2. Order State Machine as a Closed Aggregate
The order lifecycle has 8 states. Any invalid transition must throw — not silently succeed. We model this directly in the aggregate rather than using a library like Stateless, because we want domain events fired on each transition and the logic is simple enough to own explicitly.
public class Order
{
// ... fields from data model above ...
public void Confirm()
{
EnsureStatus(OrderStatus.Created);
Status = OrderStatus.Confirmed;
_events.Add(new OrderConfirmedEvent(Id, TenantId));
}
public void AssignDriver(Guid driverId)
{
EnsureStatus(OrderStatus.Confirmed);
AssignedDriverId = driverId;
Status = OrderStatus.PickupAssigned;
_events.Add(new DriverAssignedEvent(Id, TenantId, driverId));
}
public void MarkPickedUp()
{
EnsureStatus(OrderStatus.PickupAssigned);
PickedUpAt = DateTimeOffset.UtcNow;
Status = OrderStatus.PickedUp;
_events.Add(new OrderPickedUpEvent(Id, TenantId, AssignedDriverId!.Value));
}
public void MarkInTransit()
{
EnsureStatus(OrderStatus.PickedUp);
Status = OrderStatus.InTransit;
}
public void MarkDelivered()
{
EnsureStatus(OrderStatus.InTransit);
DeliveredAt = DateTimeOffset.UtcNow;
Status = OrderStatus.Delivered;
_events.Add(new OrderDeliveredEvent(Id, TenantId, DeliveredAt.Value, SlaDeadline!.Value));
}
public void Cancel(string reason)
{
if (Status is OrderStatus.Delivered or OrderStatus.Failed or OrderStatus.Cancelled)
throw new InvalidOrderTransitionException(Id, Status, OrderStatus.Cancelled);
Status = OrderStatus.Cancelled;
_events.Add(new OrderCancelledEvent(Id, TenantId, reason));
}
public void MarkFailed(string reason)
{
Status = OrderStatus.Failed;
ReassignmentCount++;
_events.Add(new OrderFailedEvent(Id, TenantId, reason, ReassignmentCount));
}
public void Reassign(Guid newDriverId)
{
if (Status is not (OrderStatus.PickupAssigned or OrderStatus.PickedUp))
throw new InvalidOrderTransitionException(Id, Status, OrderStatus.PickupAssigned);
var previousDriver = AssignedDriverId;
AssignedDriverId = newDriverId;
ReassignmentCount++;
Status = OrderStatus.PickupAssigned;
_events.Add(new OrderReassignedEvent(Id, TenantId, previousDriver, newDriverId));
}
private void EnsureStatus(OrderStatus expected)
{
if (Status != expected)
throw new InvalidOrderTransitionException(Id, Status, expected);
}
}
public class InvalidOrderTransitionException : Exception
{
public InvalidOrderTransitionException(Guid orderId, OrderStatus current, OrderStatus attempted)
: base($"Order {orderId}: cannot transition from {current} to {attempted}.")
{
}
}Why not Stateless or another library?
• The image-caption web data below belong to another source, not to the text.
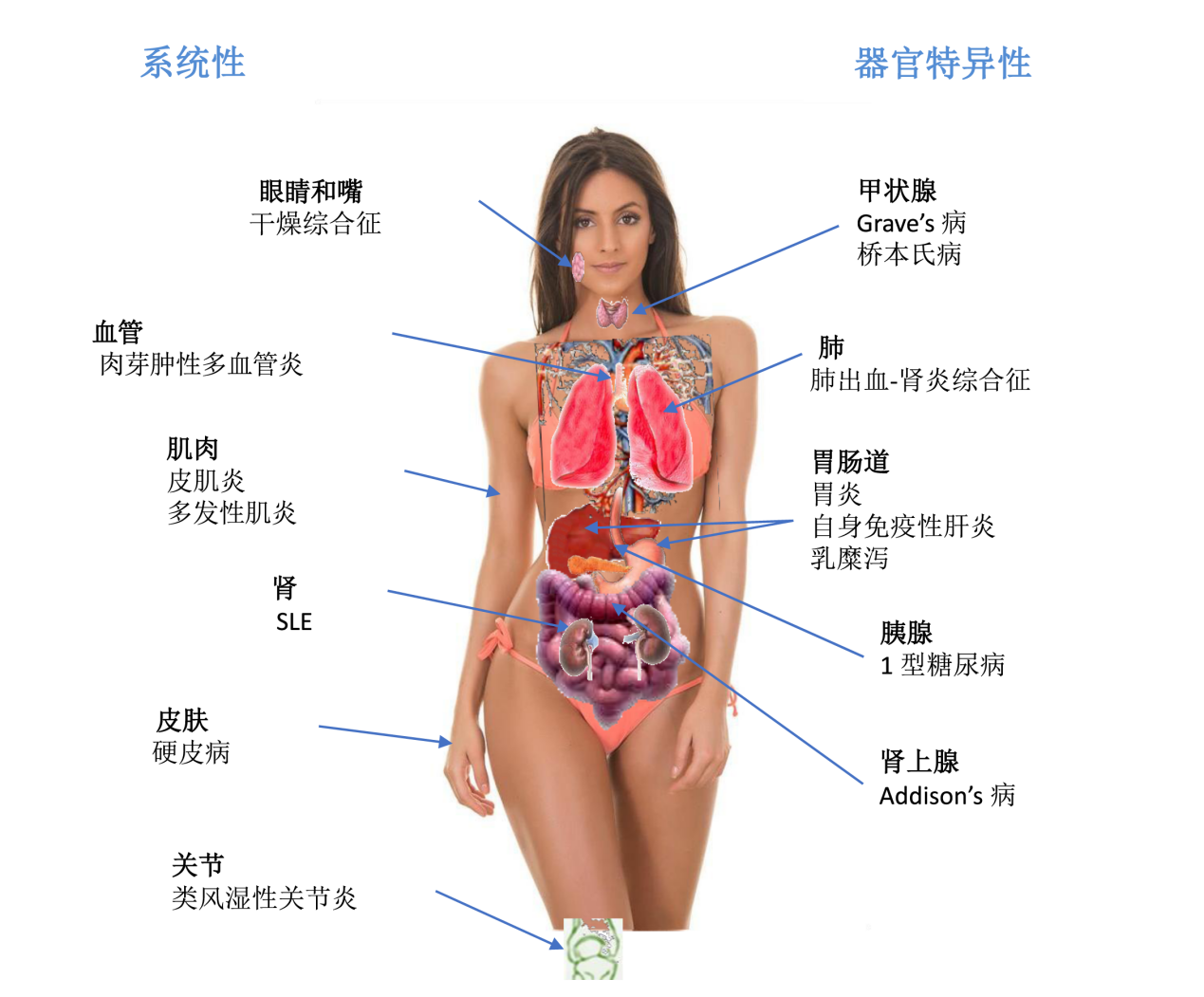 1607950108322996.png 图片1.png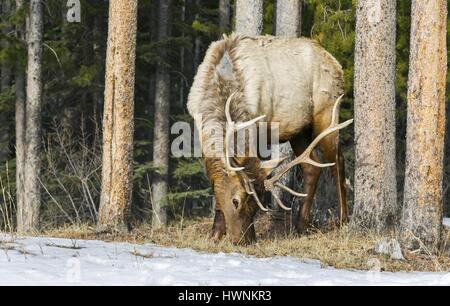 Jeune taureau deer pendant la saison du rut à la nourriture après l'hiver rigoureux en Alberta Foothills, près de Banff National Park, Rocheuses canadiennes Banque D'Images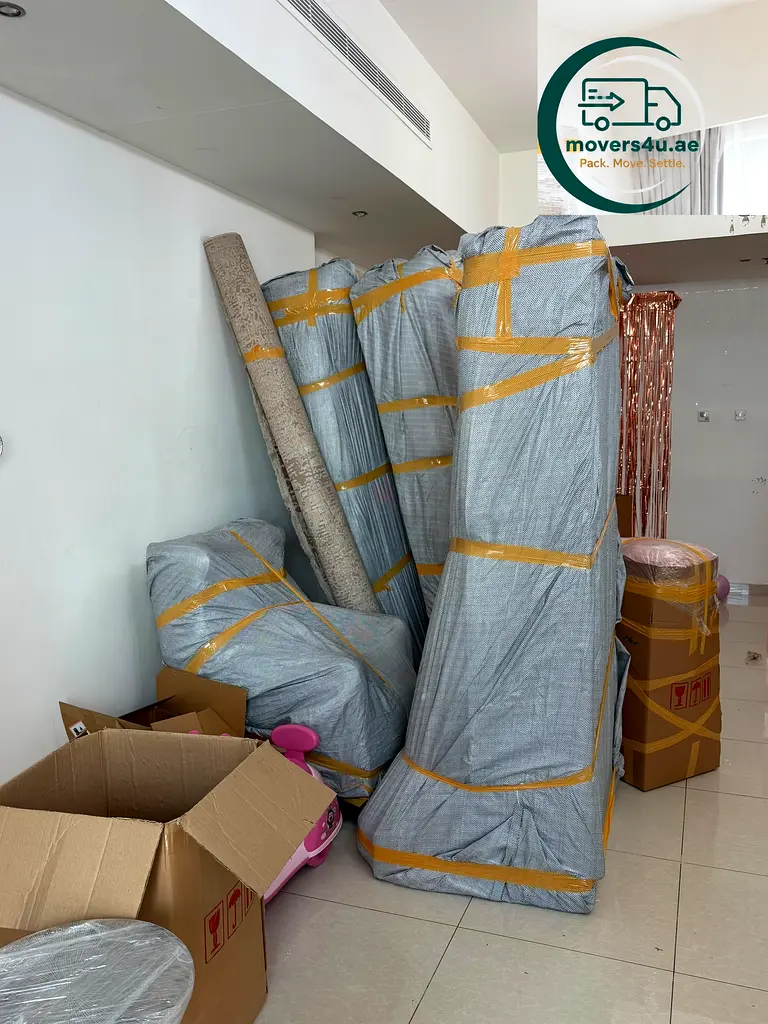 DPV_View_Image_2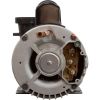 5235212-S Pump BWG Vico Ultimax 3.0hp230v2-Spd56fr2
The state machine here has business logic in each transition (setting timestamps, incrementing counters, firing domain events). A library buys you a nice DSL but you still need to attach side effects to each trigger. The explicit if-guard pattern is more readable for the team and avoids a dependency. If the state count grew past 15 or the transitions became non-trivial (guards with multiple conditions), the library would justify itself.
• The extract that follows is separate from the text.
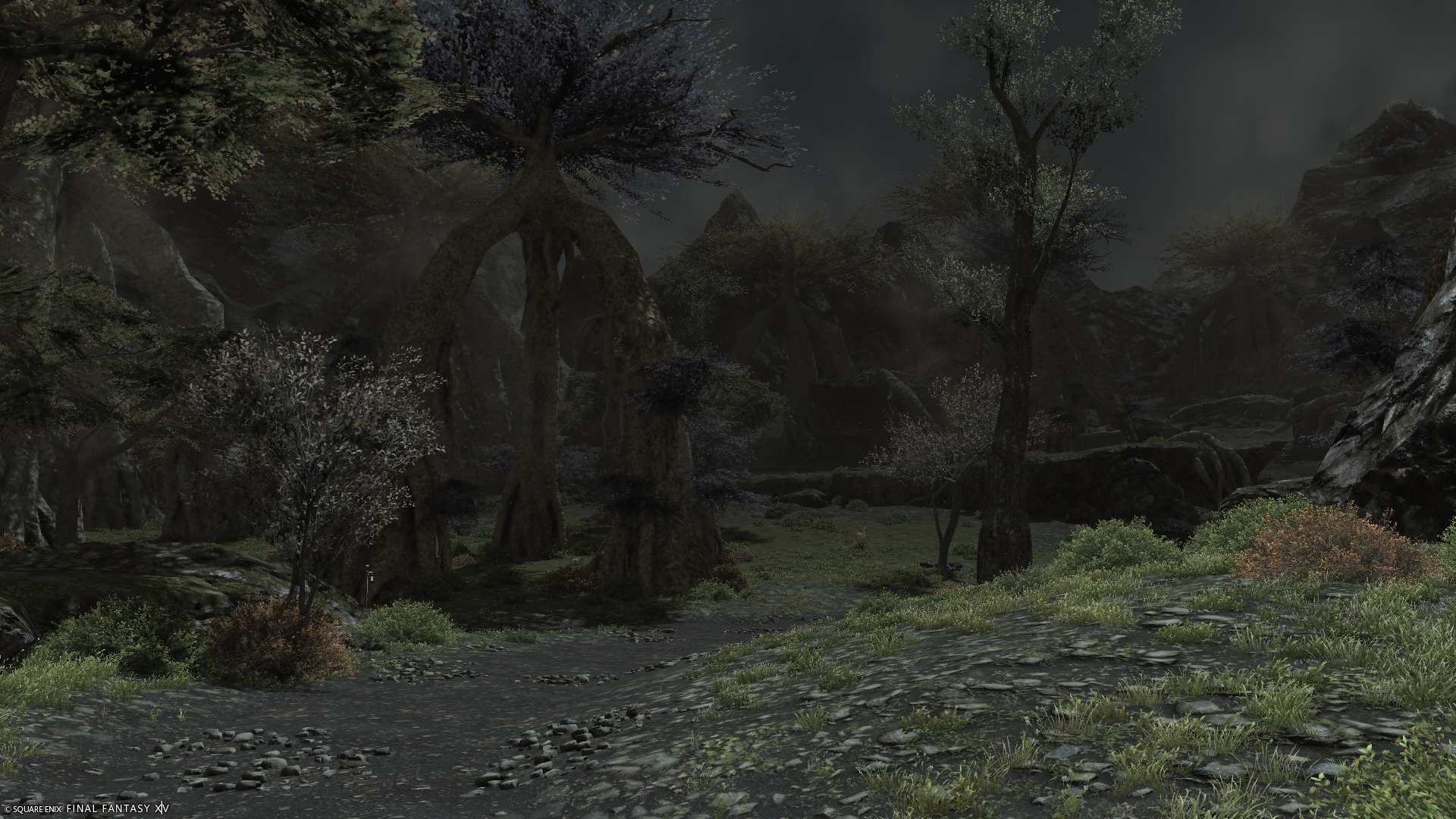 The Chocobo Forest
3. Per-Tenant Rate Limiting at the API Gateway
Each tenant has an ApiRateLimitPerMinute configured. We use ASP.NET Core's built-in rate limiting middleware (introduced in .NET 7) with a fixed-window policy per tenant:
builder.Services.AddRateLimiter(options =>
{
options.AddPolicy("per-tenant", httpContext =>
{
var tenantId = httpContext.User.FindFirst("tenant_id")?.Value ?? "anonymous";
return RateLimitPartition.GetFixedWindowLimiter(
partitionKey: tenantId,
factory: _ =>
{
// Load tenant config — in practice, cache this
var tenantConfig = httpContext.RequestServices
.GetRequiredService<ITenantConfigCache>()
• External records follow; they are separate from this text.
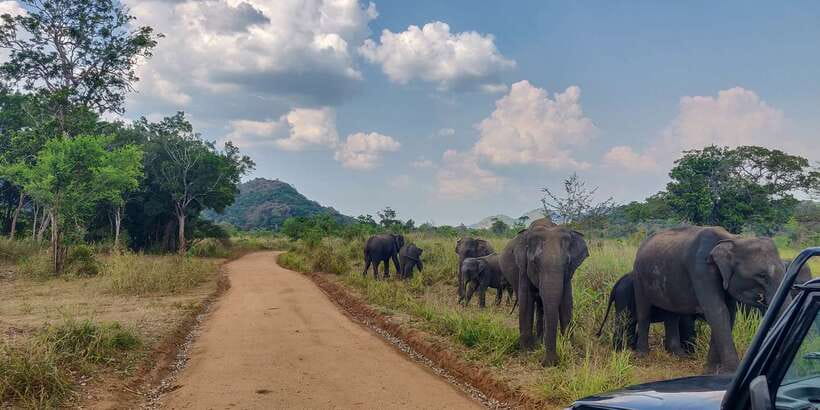 Hurulu Eco Park: 3-Hour Morning or Evening Safari - The 3-hour safari loop, gate to Hurulu Forest Reserve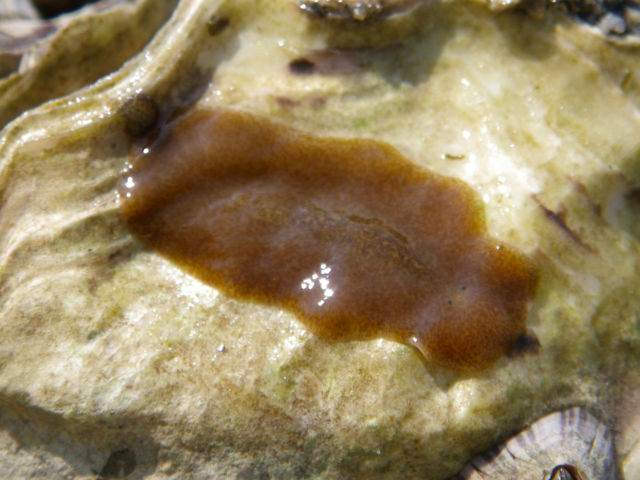 f:id:xnissy:20091016124801j:image:w320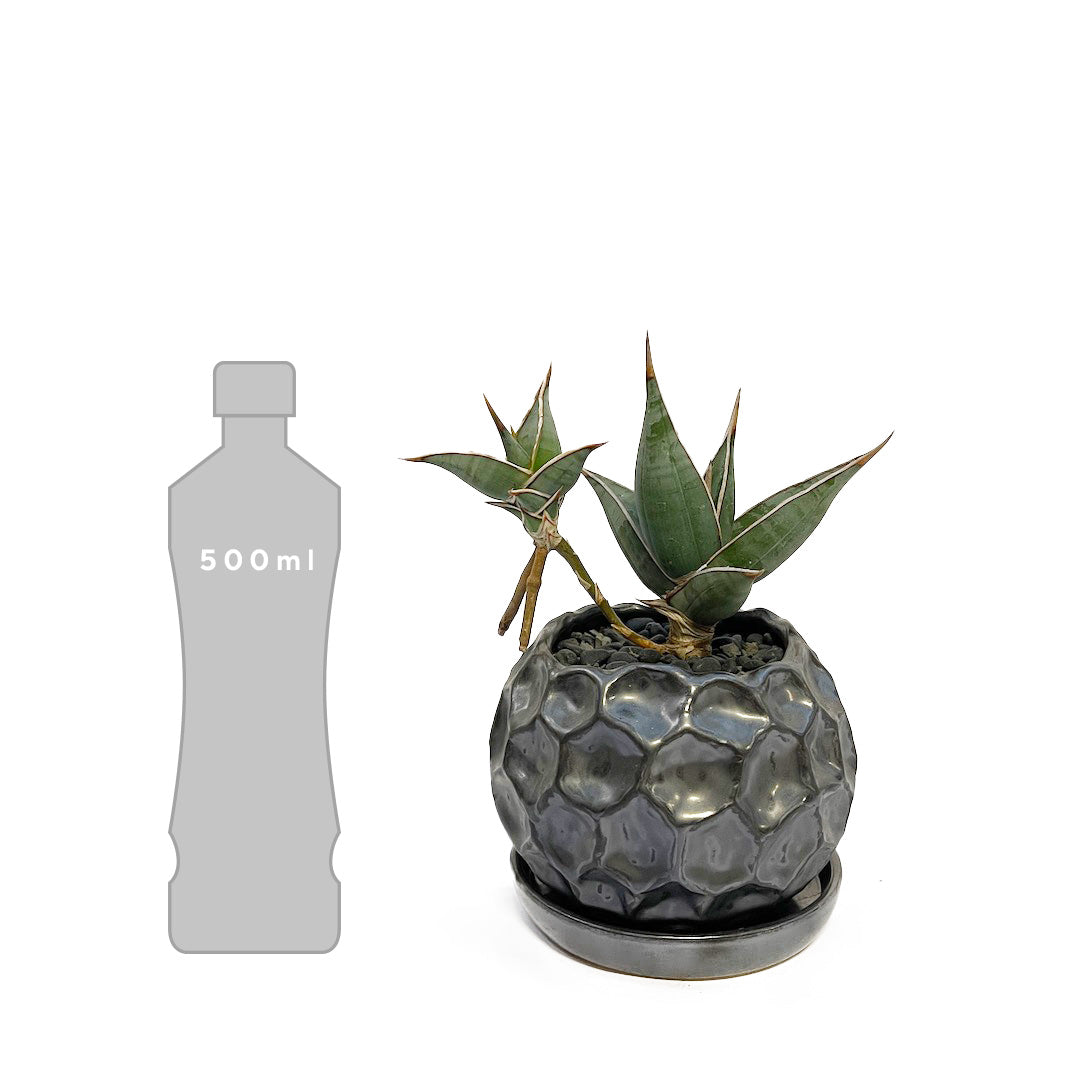 サンスベリア ピングイキュラ POT SET / gr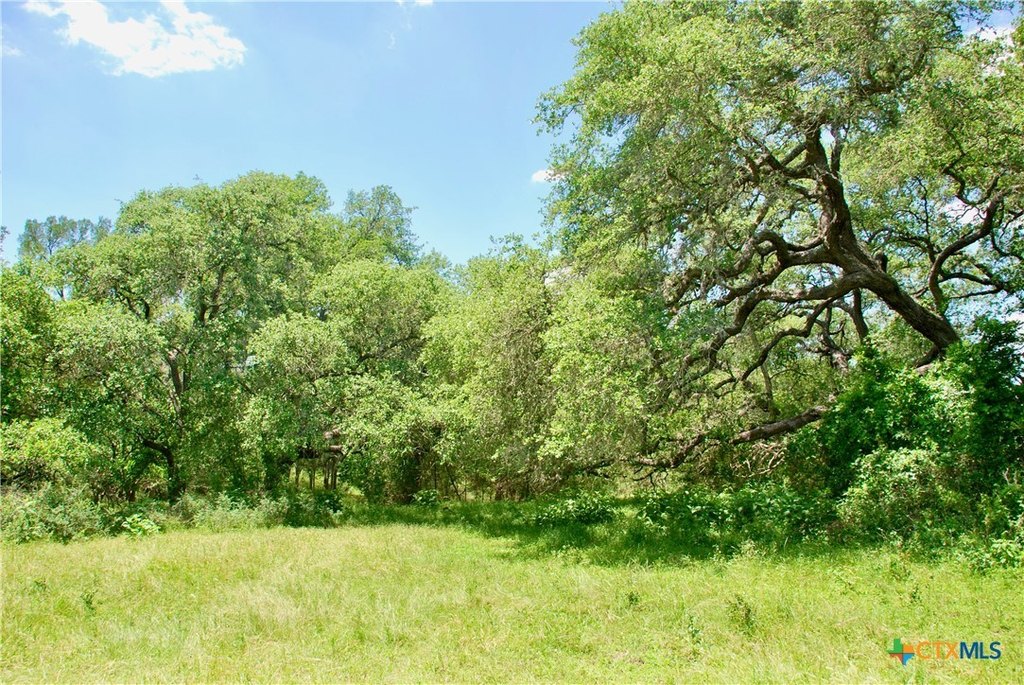 Picture 17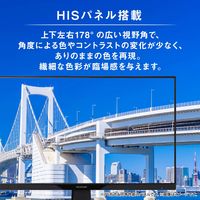 アイリスオーヤマ 液晶ディスプレイ DC-AF233S-B 1台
.GetConfig(Guid.Parse(tenantId));
return new FixedWindowRateLimiterOptions
{
PermitLimit = tenantConfig.ApiRateLimitPerMinute,
Window = TimeSpan.FromMinutes(1),
QueueProcessingOrder = QueueProcessingOrder.OldestFirst,
QueueLimit = 20
};
});
});
options.OnRejected = async (context, cancellationToken) =>
{
context.HttpContext.Response.StatusCode = StatusCodes.Status429TooManyRequests;
context.HttpContext.Response.Headers.RetryAfter = "60";
await context.HttpContext.Response.WriteAsJsonAsync(
new ProblemDetails
{
Title = "Rate limit exceeded",
Status = 429,
Detail = "Your tenant has exceeded its configured request rate. Retry after 60 seconds."
}, cancellationToken);
};
});The ITenantConfigCache is an in-memory cache populated at startup and refreshed every 5 minutes. We explicitly do not hit the database on every rate-limit evaluation — that would add latency to the hot path.
4. Driver Location Tracking: Redis GEOADD with Per-Tenant Namespacing
Driver GPS updates arrive every 5 seconds from the driver mobile app. At 500 active drivers per tenant and 10 tenants, that is 1,000 writes/second — trivial for Redis but expensive for any relational DB.
We use Redis GEOADD to store driver positions. The key is namespaced per tenant to enforce isolation: drivers:{tenantId}. This means a geospatial query for one tenant never touches another tenant's driver data:
public class TenantDriverPool
{
private readonly IConnectionMultiplexer _redis;
public TenantDriverPool(IConnectionMultiplexer redis)
{
_redis = redis;
}
private static string GeoKey(Guid tenantId) => $"drivers:{tenantId}";
private static string ActiveKey(Guid tenantId) => $"drivers:active:{tenantId}";
// Called every 5 seconds by driver heartbeat
public async Task UpdateLocationAsync(
Guid tenantId,
Guid driverId,
double latitude,
double longitude,
CancellationToken ct = default)
{
var db = _redis.GetDatabase();
var batch = db.CreateBatch();
// Store GPS position
var geoTask = batch.GeoAddAsync(
GeoKey(tenantId),
new GeoEntry(longitude, latitude, driverId.ToString()));
// Refresh active set with 30-second TTL per driver entry
// (if driver goes offline, entry expires automatically)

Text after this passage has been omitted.